[[ Entries shown, beginning ]]
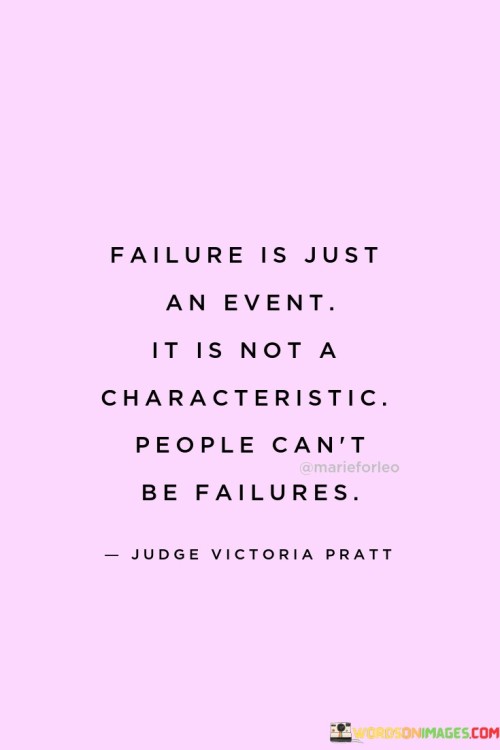 Failure-Is-Just-An-Event-It-Is-Not-A-Characteristic-Quotes.jpeg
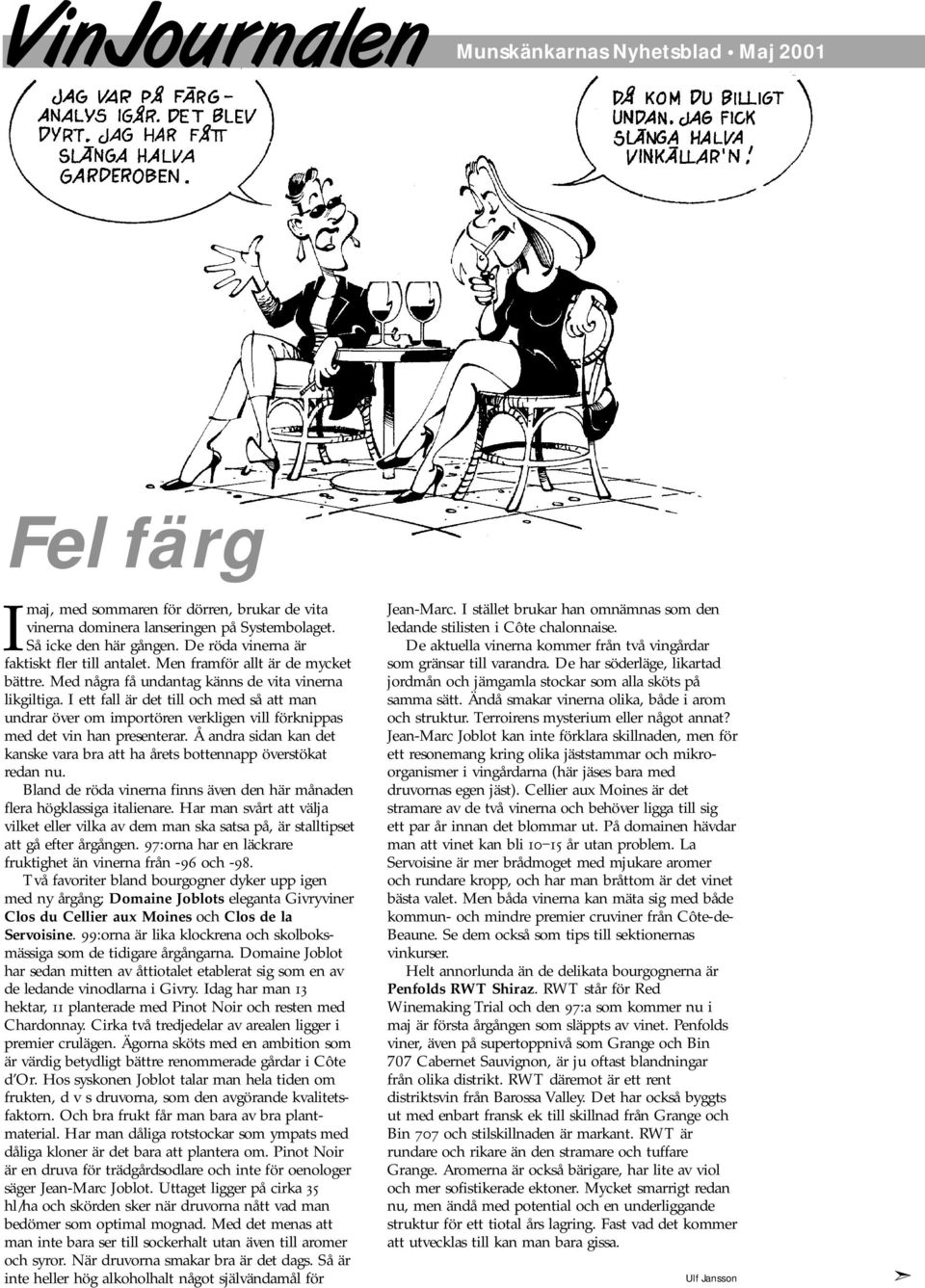 I ett fall är det till och med så att man undrar över om importören verkligen vill förknippas med det vin han presenterar.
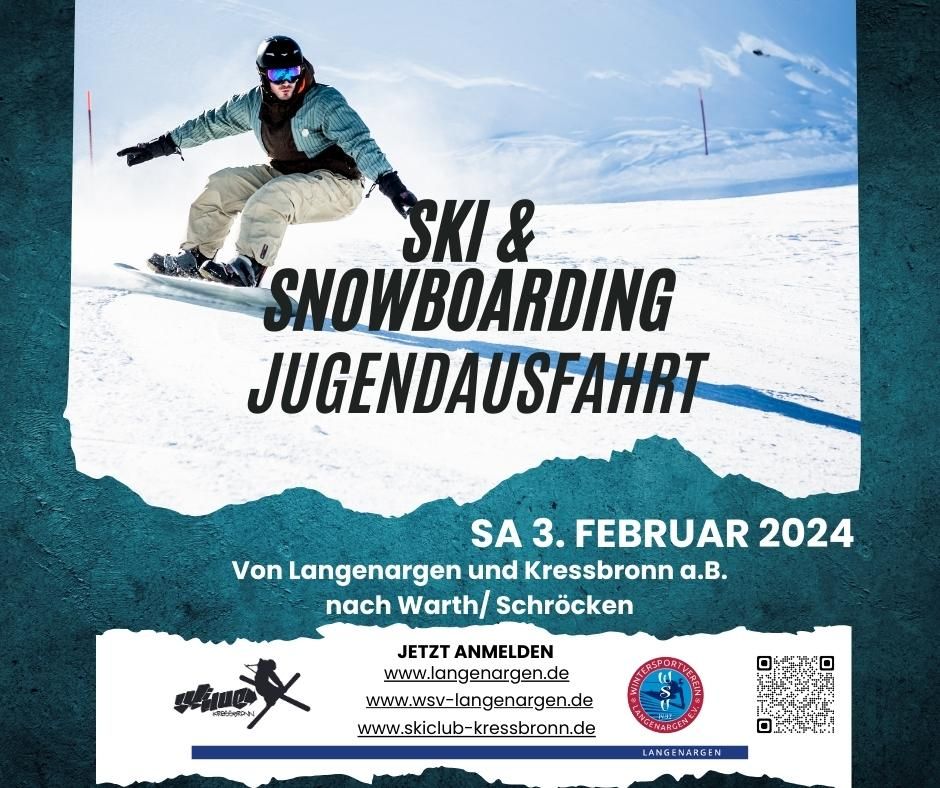JUGEND- SKI- & SNOWBOARDAUSFAHRT 2024 NACH WARTH/SCHRÖCKEN (A)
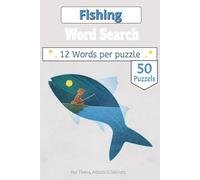Fishing Word Search Puzzle Book: 50 Plus Word Search Puzzles Covering Freshwater and Saltwater Species, Tackle Gear and Angling Terminology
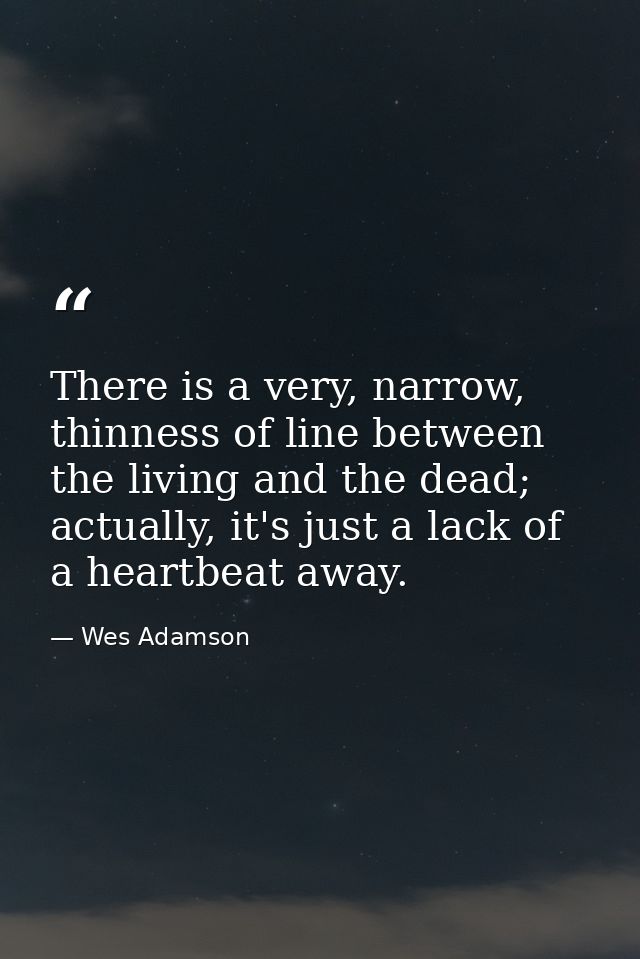 There is a very, narrow, thinness of line between the living and the dead; actually, it's just a lack of a heartbeat awa — Wes Adamson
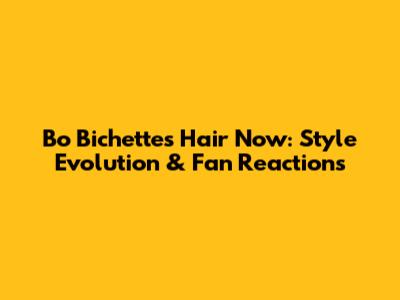 Bo Bichette's Hair Now: Style Evolution & Fan Reactions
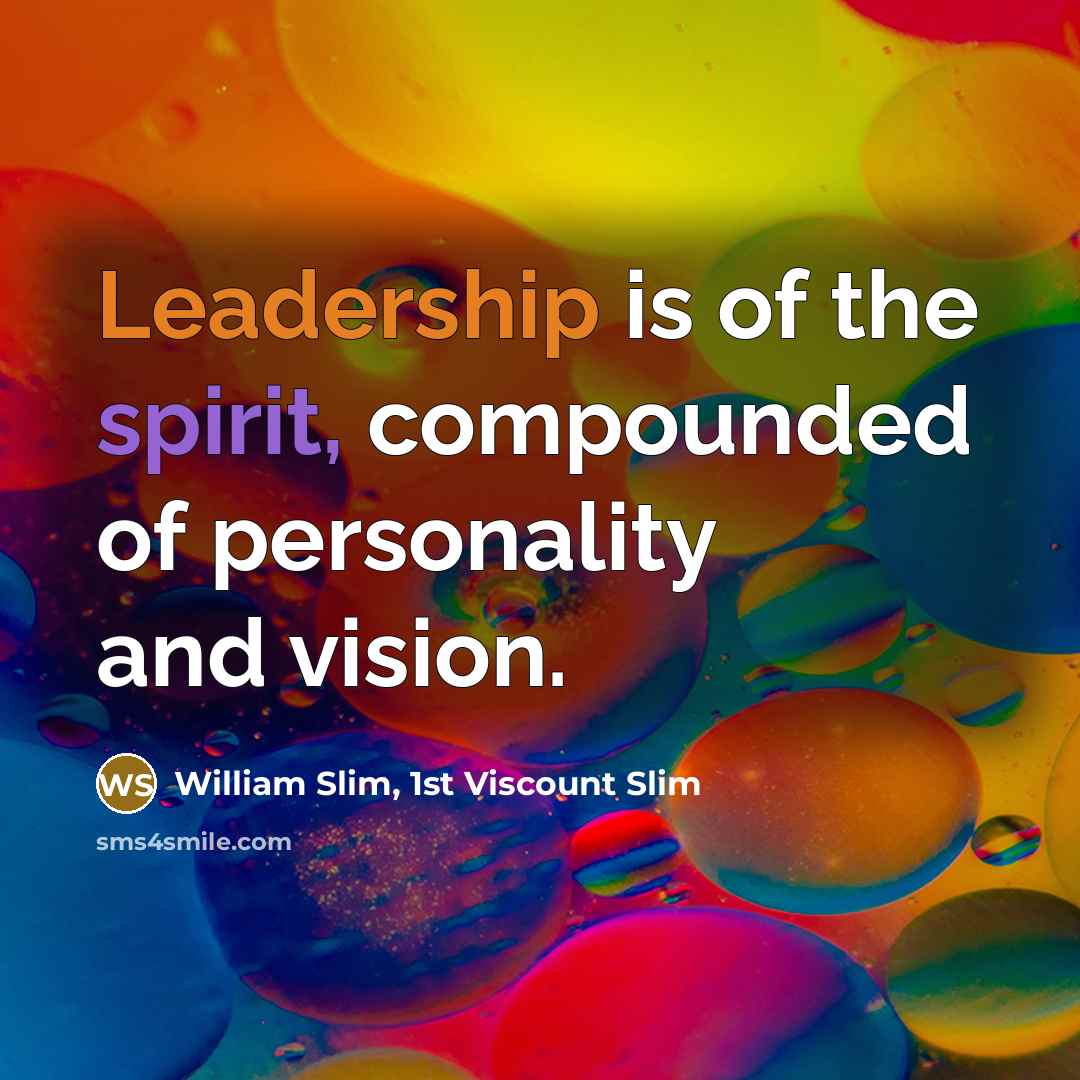 “Leadership is of the spirit, compounded of personality and vision.…” quote by William Slim, 1st Viscount Slim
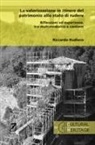 Riccardo Rudiero - La valorizzazione in itinere del patrimonio allo stato di rudere. Riflessioni ed esperienze, tra multimedialità e cantiere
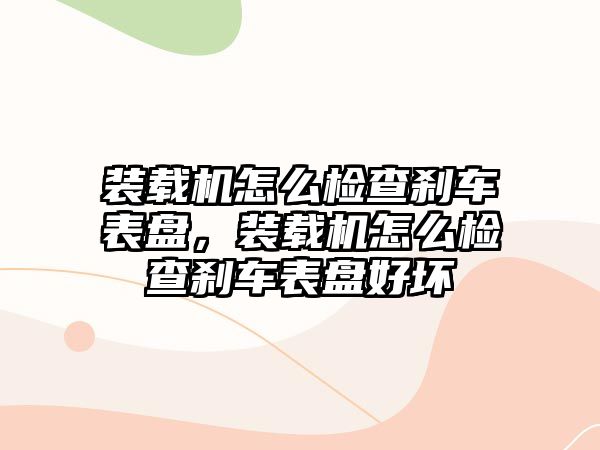 裝載機(jī)怎么檢查剎車表盤，裝載機(jī)怎么檢查剎車表盤好壞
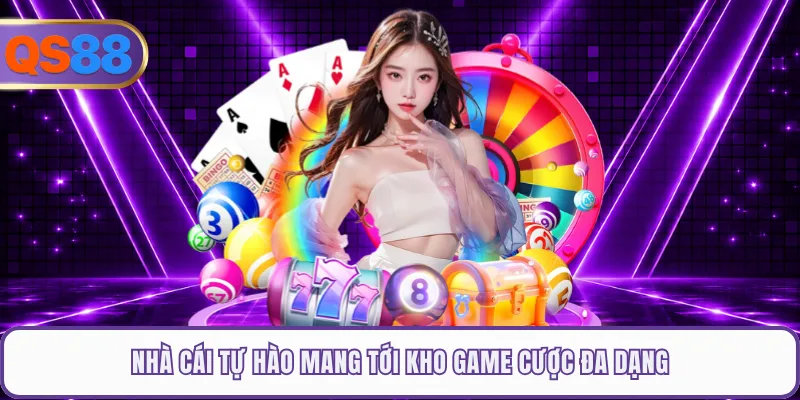 Nhà cái tự hào mang tới kho game cược đa dạng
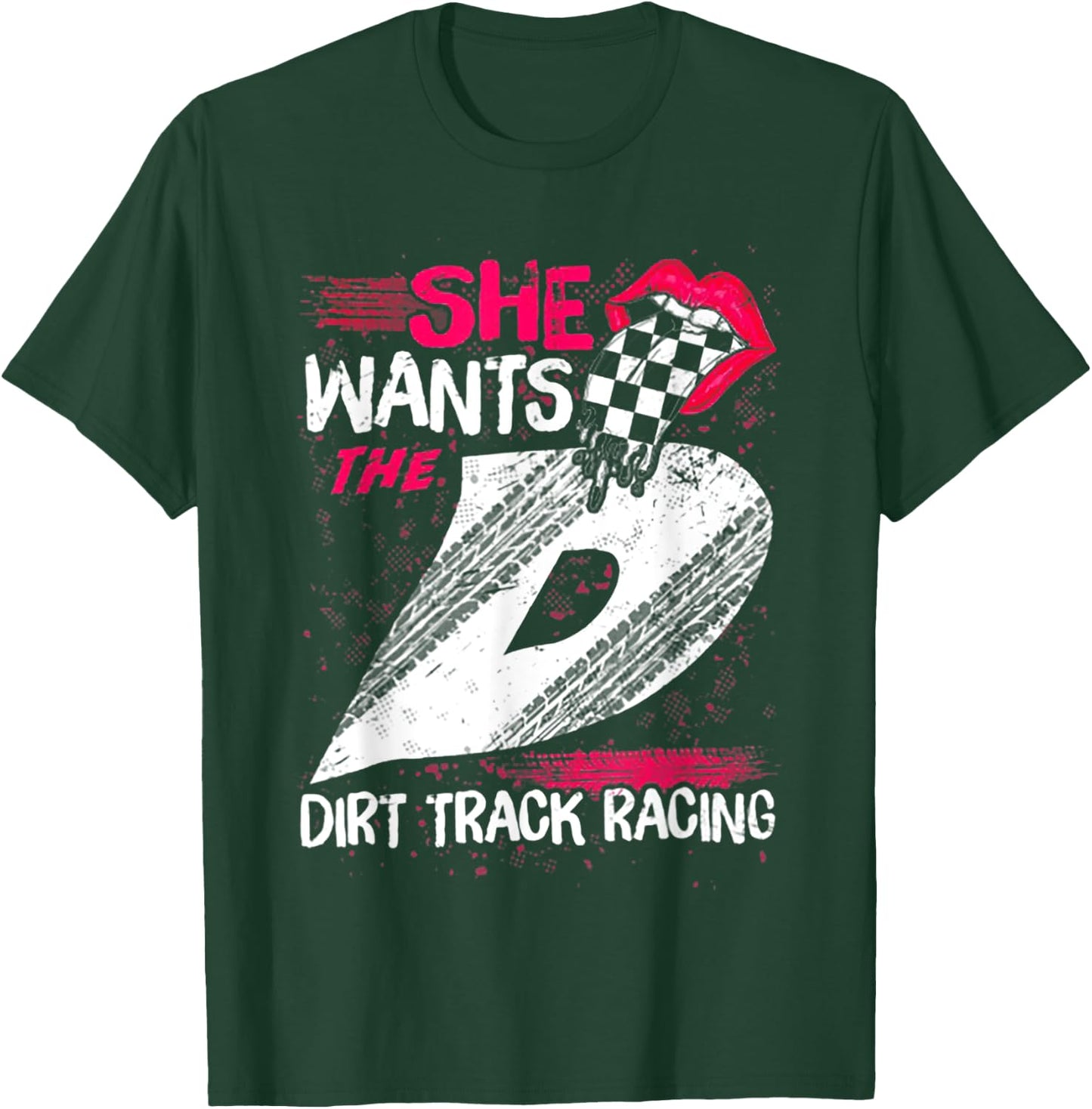She Want's The Dirt Track Racing T-Shirt - T-Shirt | Forest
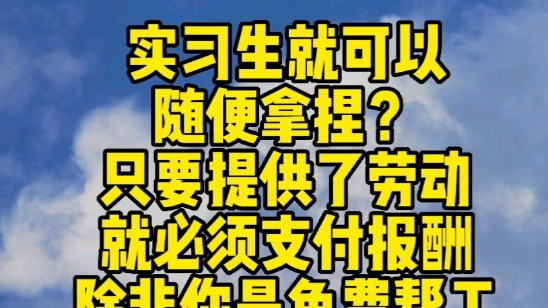 实习生就可以随便拿捏?只要提供了劳动就必须支付报酬除非你是免费帮工#劳动仲裁#法律咨询哔哩哔哩bilibili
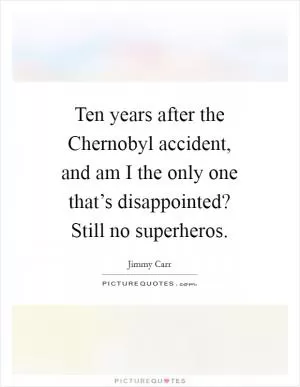 Ten years after the Chernobyl accident, and am I the only one that’s disappointed? Still no superheros Picture Quote #1
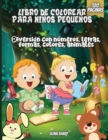 Image for Libro De Colorear Para Ninos Pequenos : Diversion con numeros, letras, formas, colores, animales.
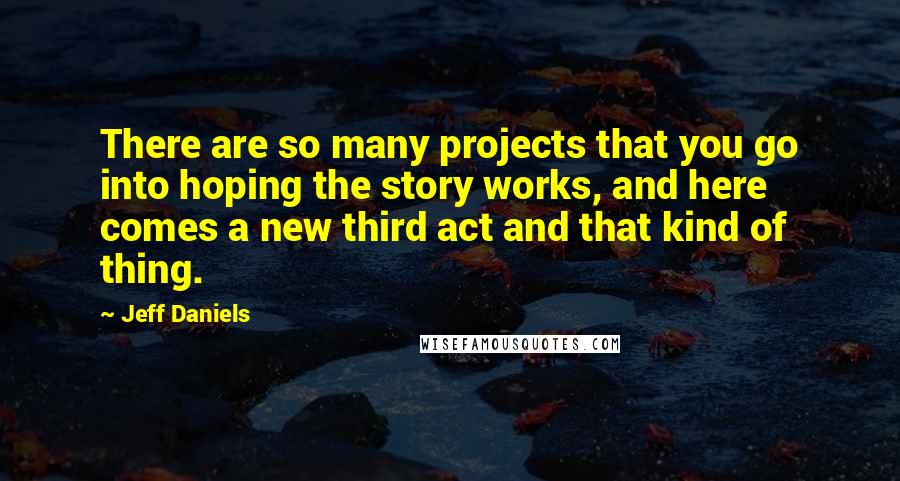 Jeff Daniels Quotes: There are so many projects that you go into hoping the story works, and here comes a new third act and that kind of thing.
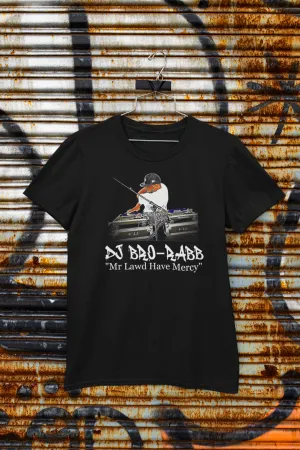 DJ Bro-Rabb "Mr. Lawd Have Mercy" statement tee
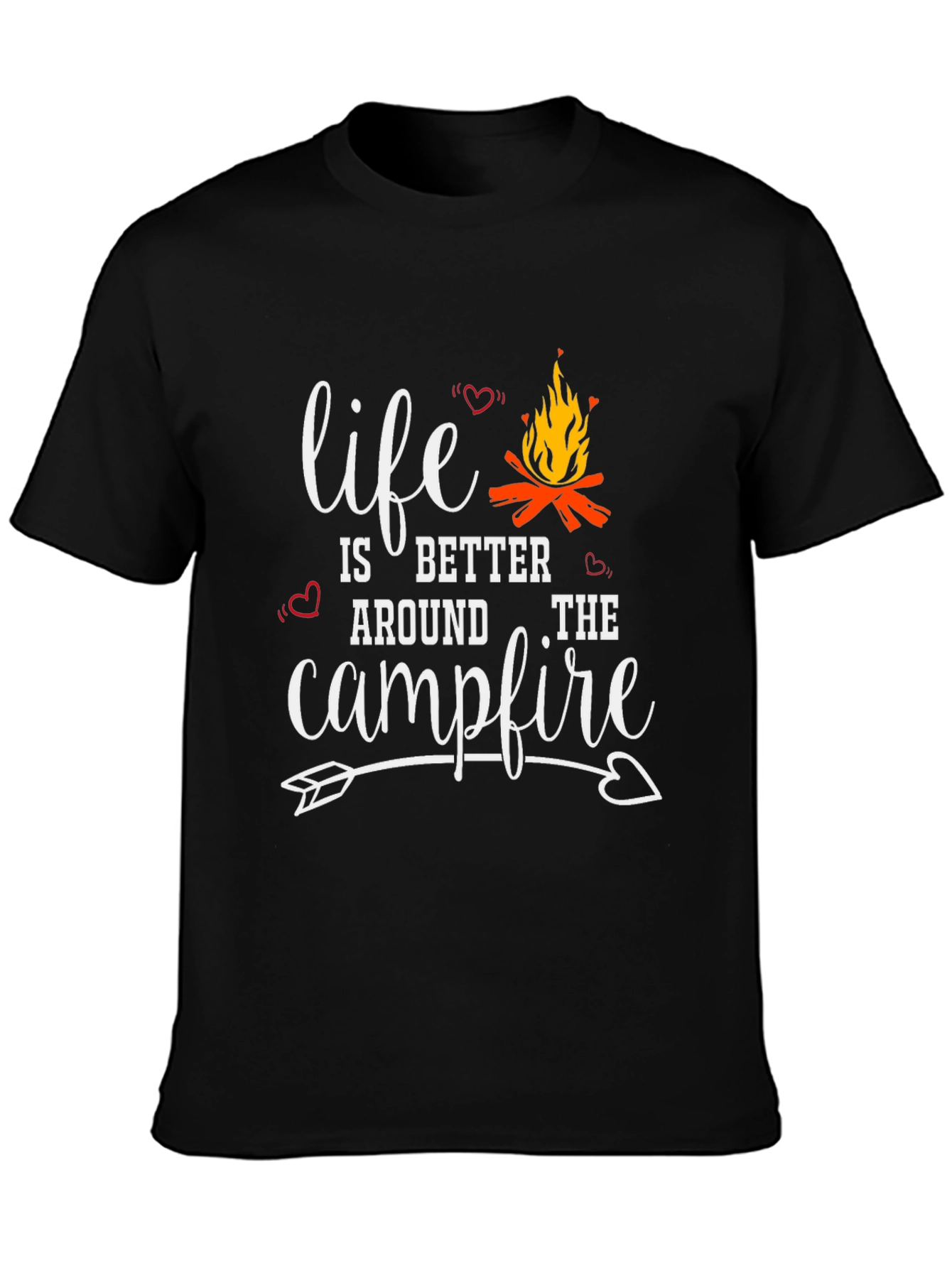 Life is Better Around the Campfire Graphic Tee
[[ Entries shown, end ]]
- **Work item**: Copy out the records exactly. Do not include the pictures.

- **Solution to the problem**:
 Failure-Is-Just-An-Event-It-Is-Not-A-Characteristic-Quotes.jpeg
 I ett fall är det till och med så att man undrar över om importören verkligen vill förknippas med det vin han presenterar.
JUGEND- SKI- & SNOWBOARDAUSFAHRT 2024 NACH WARTH/SCHRÖCKEN (A)
Fishing Word Search Puzzle Book: 50 Plus Word Search Puzzles Covering Freshwater and Saltwater Species, Tackle Gear and Angling Terminology
 There is a very, narrow, thinness of line between the living and the dead; actually, it's just a lack of a heartbeat awa — Wes Adamson
 Bo Bichette's Hair Now: Style Evolution & Fan Reactions
 “Leadership is of the spirit, compounded of personality and vision.…” quote by William Slim, 1st Viscount Slim
 Riccardo Rudiero - La valorizzazione in itinere del patrimonio allo stato di rudere. Riflessioni ed esperienze, tra multimedialità e cantiere
 裝載機(jī)怎么檢查剎車表盤，裝載機(jī)怎么檢查剎車表盤好壞
 Nhà cái tự hào mang tới kho game cược đa dạng
She Want's The Dirt Track Racing T-Shirt - T-Shirt | Forest
 实习生就可以随便拿捏?只要提供了劳动就必须支付报酬除非你是免费帮工#劳动仲裁#法律咨询哔哩哔哩bilibili
 Ten years after the Chernobyl accident, and am I the only one that’s disappointed? Still no superheros Picture Quote #1
 Image for Libro De Colorear Para Ninos Pequenos : Diversion con numeros, letras, formas, colores, animales.
 Jeff Daniels Quotes: There are so many projects that you go into hoping the story works, and here comes a new third act and that kind of thing.
 DJ Bro-Rabb "Mr. Lawd Have Mercy" statement tee
 Life is Better Around the Campfire Graphic Tee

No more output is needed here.